Si no fuese verdad que nuestra carne es salvada, tampoco lo sería que el Señor nos redimió con su sangre, ni que el cáliz eucarístico es comunión de su sangre y el pan que partimos es comunión de su cuerpo. La sangre, en efecto, procede de las venas y de la carne y de todo lo demás que pertenece a la condición real del hombre, condición que el Verbo de Dios asumió en toda su realidad para redimirnos con su sangre, como afirma el Apóstol: Por este Hijo, por su sangre, hemos recibido la redención, el
perdón de los pecados.
Y, porque somos sus miembros, nos sirven de alimento los bienes de la creación; pero él, que es quien nos da estos bienes creados, haciendo salir el sol y haciendo llover según le place, afirmó que aquel cáliz, fruto de la creación, era su sangre, con la cual da nuevo vigor a nuestra sangre, y aseveró que aquel pan, fruto también de la creación, era su cuerpo, con el cual da vigor a nuestro cuerpo.

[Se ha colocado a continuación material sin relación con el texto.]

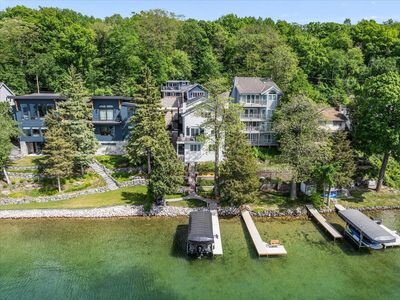 4763 Fontana Beach Rd ROAD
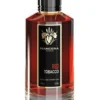 Mancera Red Tobacco woda perfumowana spray 120ml
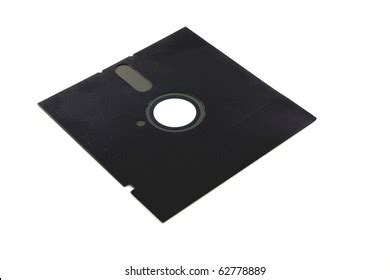 Old Floppy Disk Stock Photo 66050167 Shutterstock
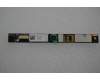 Lenovo 90004327 ST6 Camera HD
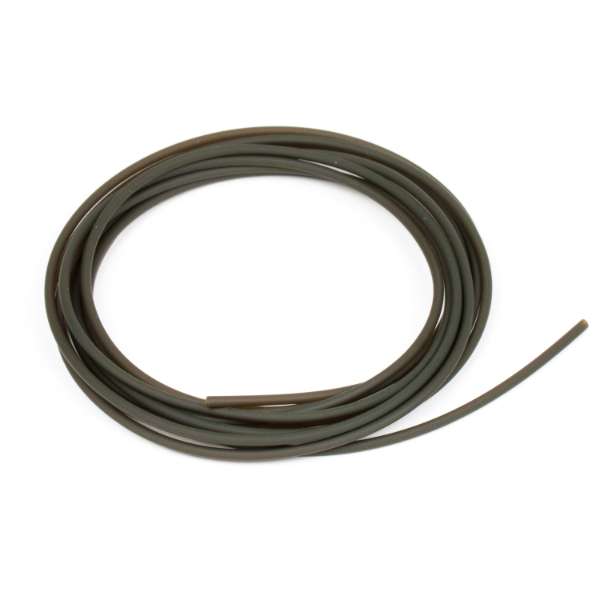 Korda Camouflage Rig Tube | Unkrautiges Grün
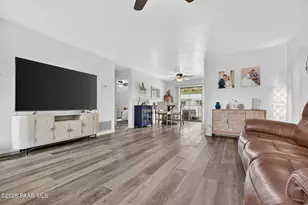 8275 E Tranquil Blvd, Prescott Valley, AZ 86314 - Photo 6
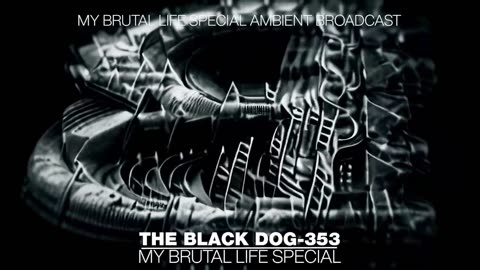 Sleep Deprivation : Join Us In Our Brutal Ambience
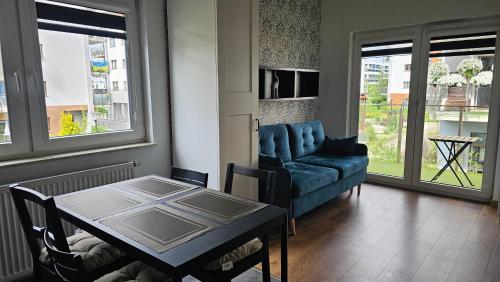 Apartment Bunscha Park Apartment Bunscha Park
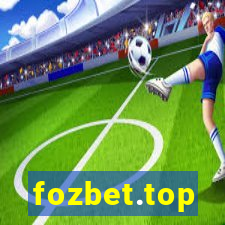 fozbet.top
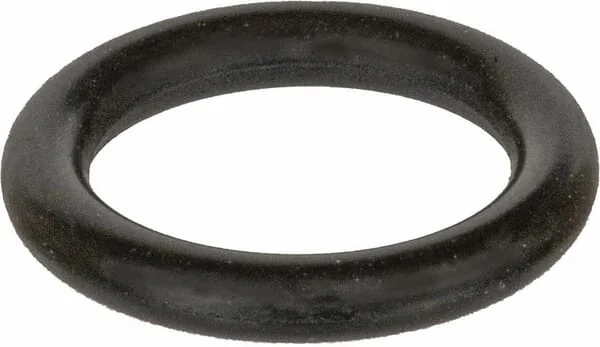 Stoll - 3350550 - O-Ring 12.3x 2.62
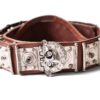 Ceinture militaire cingulum de Tikija – Image 4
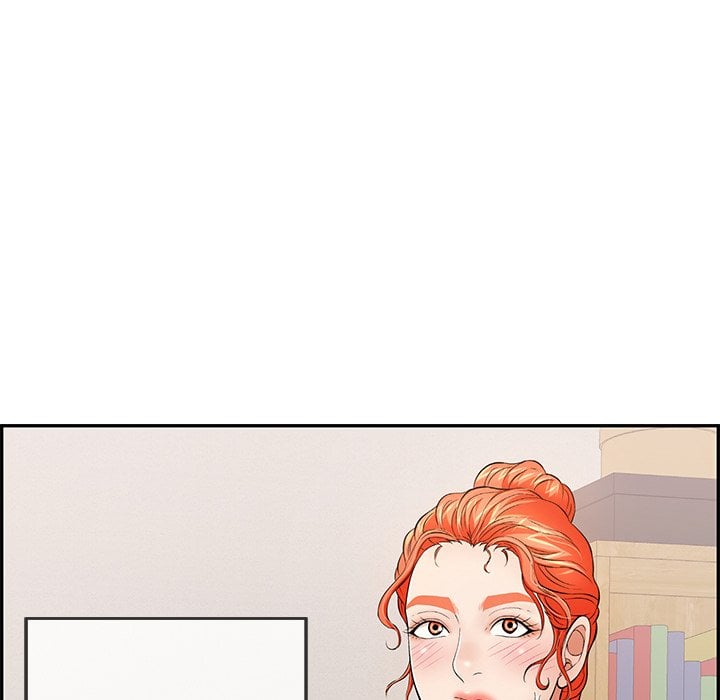 A Killer Woman - Chapter 104 40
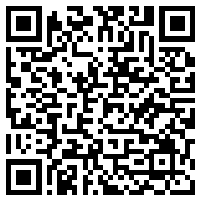 QR Code for bitcoin:bitcoin:bitcoin:dash:Xf2qiFwR1hS6x9DAfmDojnnJ9jEouENJvg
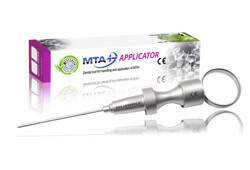 Аплікатор до МТА +, фото 1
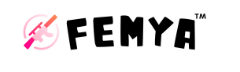 Femya Coupons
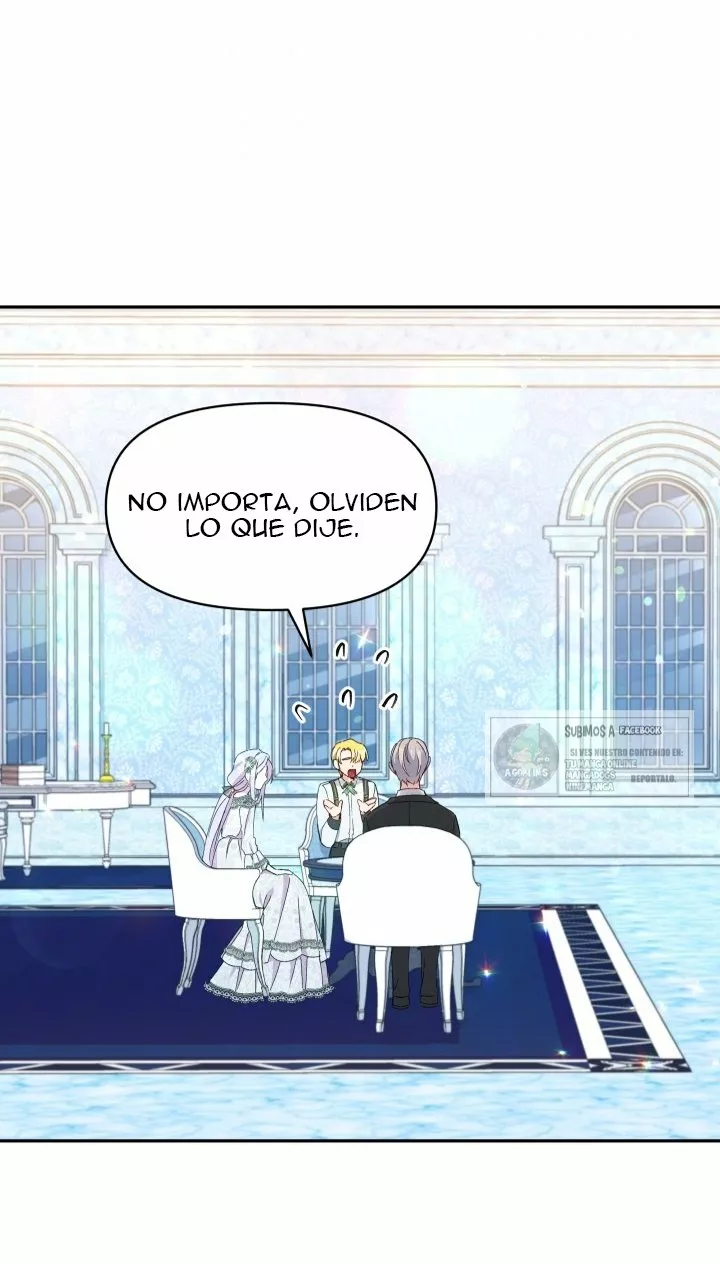 Página 55 del Manga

Por tanto, si el cáliz y el pan, cuando sobre ellos se pronuncian las palabras sacramentales, se convierten en la sangre y el cuerpo eucarísticos del Señor, con los cuales nuestra parte corporal recibe un nuevo incremento y consistencia, ¿cómo podrá negarse que la carne es capaz de recibir el don de Dios, que es la vida eterna, si es alimentada con la sangre y el cuerpo de Cristo, del cual es miembro?
Cuando el Apóstol dice en su carta a los Efesios: Porque somos miembros de su cuerpo, de su carne y de sus huesos, no se refiere a alguna clase de hombre espiritual e invisible -ya que un espíritu no tiene carne ni huesos-, sino al hombre tal cual es en su realidad concreta, que consta de carne, nervios y huesos, que es alimentado con el cáliz de la sangre de Cristo, y que recibe vigor de aquel pan que es el cuerpo de Cristo.
Y del mismo modo que la rama de la vid plantada en tierra da fruto a su tiempo, y el grano de trigo caído en tierra y disuelto sale después multiplicado por el Espíritu de Dios que todo lo abarca y lo mantiene unido, y luego el hombre, con su habilidad, los transforma para su uso, y al recibir las palabras de la consagración se convierten en el alimento eucarístico del cuerpo y sangre de Cristo; del mismo modo nuestros cuerpos, alimentados con la eucaristía, después de ser sepultados y disueltos

bajo tierra, resucitarán a su tiempo, por la resurrección que les otorgará aquel que es el Verbo de Dios, para gloria de Dios Padre, que rodea de inmortalidad a este cuerpo mortal y da como regalo la incorrupción a este cuerpo corruptible, ya que la fuerza de Dios se muestra perfecta en la debilidad.